Plexiglass "sneeze panels" like this one at a San Marcos Albertsons are being installed at chain and other unionized grocery stores.
An Albertsons in San Marcos with plexiglass panels to protect essential workers. Photo courtesy Todd Walters

For the past two years union workers at grocery stores throughout Southern California have been on the frontlines of the pandemic. Their work has been essential to their communities and country.

These union workers at Albertsons, Gelson’s, Pavilions, Ralphs, Stater Bros. and Vons proudly went to work, under difficult conditions, to put food on the tables of their families and to keep the supply chain moving forward.

The pandemic has not been easy on them. In the beginning there were shortages and a lot of fear and uncertainty. Workers worried about getting sick and bringing the disease home to their loved ones. They worried about their jobs and daycare when schools went from in-person to online teaching.

They were called heroes and were given “hazard,” “hero,” “bonus” and “appreciation” pay. But that extra $2.00 an hour was short lived as the companies took it away within the first few months of the pandemic. Yet, the pandemic persisted, and they still had to ­work and continue to wear masks.

The mask mandates created ill will between certain customers and workers. Though science has proven that masks are effective in limiting transmission, it became a political issue with many, and battle lines were drawn.

Angry customers refused to wear masks, creating uncomfortable and sometimes dangerous situations. Hate came into play with two separate instances in East County San Diego making national headlines, One male customer wore a white hood, and another wore a Nazi swastika on his mask. Though these are just two instances that made the news cycle, there were dozens of other anti-mask altercations that didn’t, including ones involving verbal abuse as well as physical attacks.

Within record time a vaccine was created and United Food and Commercial Workers locals across Southern California went into action to get our members vaccinated. We reached out to various government entities, and we set up vaccination clinics, providing the opportunity for all UFCW members to get vaccinated if they so chose.

We have members who are vaccinated and those that are not. We do not distinguish between them. They are workers and members of our union. Though we recognize the validity and efficacy of the vaccines, we are dedicated to serving our members regardless of their vaccine status.
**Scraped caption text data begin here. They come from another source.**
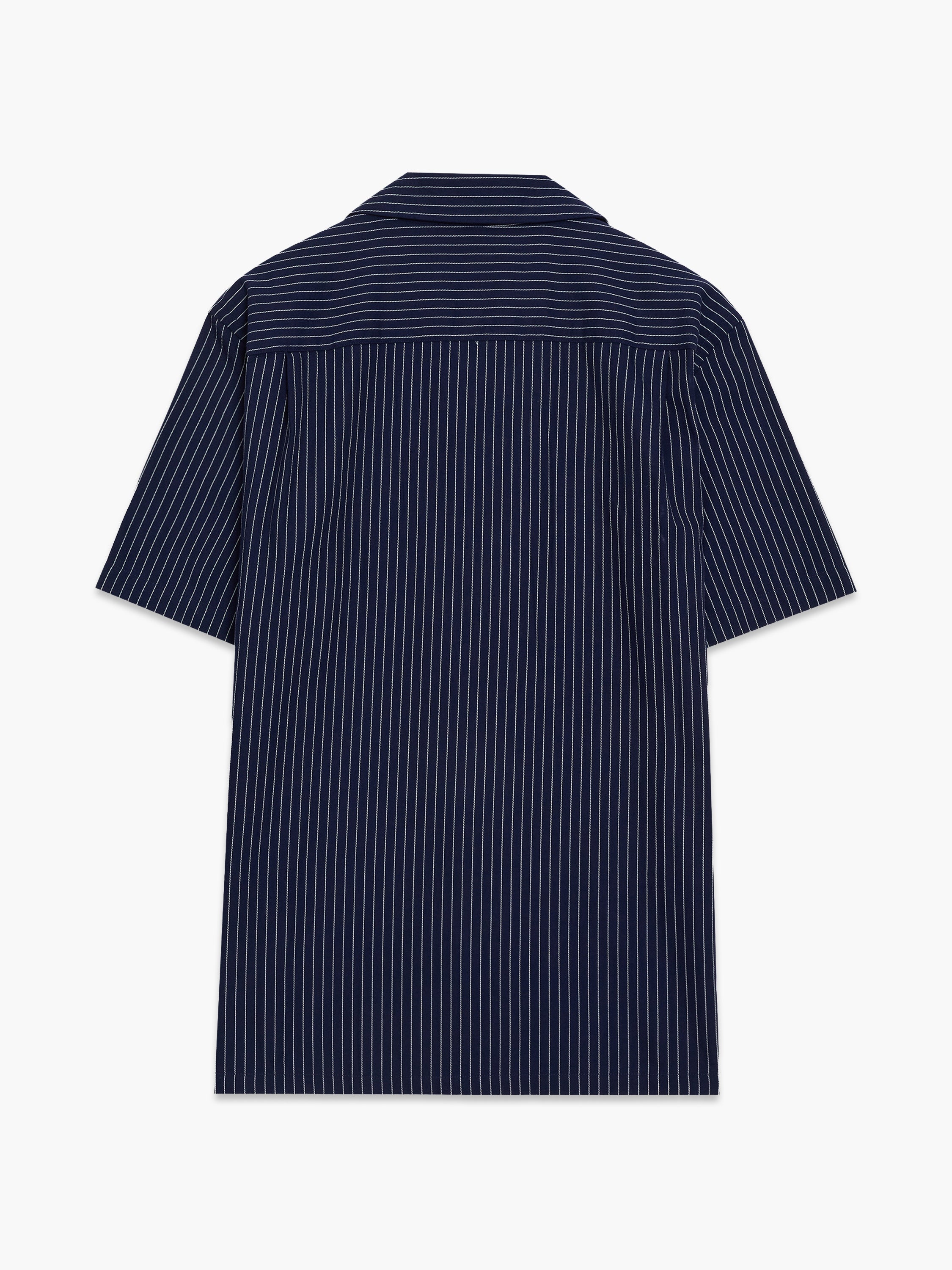 Short Sleeve Twill Striped Shirt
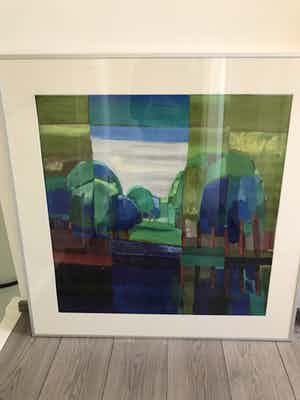 Niet of onleesbaar gesigneerd - Ton schulten op zijde gedrukt verkocht voor € 10!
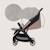 Poussette ultra-compacte julie air légère et pliable, compatible avion Beige sand+Black onyx+Green sage+Grey stone 5 - vertbaudet enfant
Though the issue of being vaccinated, or choosing not to, created its own set of issues, we were able to maneuver accordingly to best serve our members. But then came Omicron.

Omicron was a pandemic changer. It seems like everybody got sick. Hundreds and hundreds of our members tested positive, creating health and staffing issues. Stores couldn’t staff departments properly, forcing some service delis to shorten hours.

Pharmacies were overloaded putting excess stress on our union pharmacists and pharmacy techs. And the companies have not been able to hire new workers fast enough to fill all the open positions, forcing many workers to work longer hours.

Our essential grocery members have served and sacrificed on behalf of their families, their companies, community, and country, many paying the ultimate sacrifice — including a 34-year-old single parent who died from COVID the last week of January — to provide and keep the supply chain moving forward. Though they won’t say it, they are American heroes. And they have served with distinction in the face of sickness and customer vitriol.

At 12 a.m. on March 6, the union contract for grocery members represented by UFCW Locals 8, 135, 324, 770, 1167, 1428 and 1442 will expire. There are close to 9,000 essential grocery store workers in San Diego County and over 50,000 more throughout the rest of Southern California that are members of UFCW. They deserve a new contract that reflects their service, sacrifice, and the value they bring to their company and country as essential workers.

Our members at Albertsons, Gelson’s, Pavilions, Ralphs, Stater Bros. and Vons appreciate their jobs and the benefits afforded to them in their union contract. They only want what they feel is their fair share for the work they have provided and continue to provide.

These workers are united and ready to do what is necessary to get an essential contract when the current one expires on March 6. On Feb. 28, at noon in the parking lot of Ralphs on Sports Arena Boulevard, UFCW Local 135 will have a rally to give the community the opportunity to provide solidarity to these essential workers. Please show your appreciation by standing with them just as they stood with our communities during the pandemic.

President Todd Walters, Secretary-Treasurer Grant Tom, and Recorder Maribel Mckinze are the elected leaders of United Food and Commercial Workers Union Local 135. UFCW Local 135 represents approximately 13,000 workers in San Diego and Imperial Counties.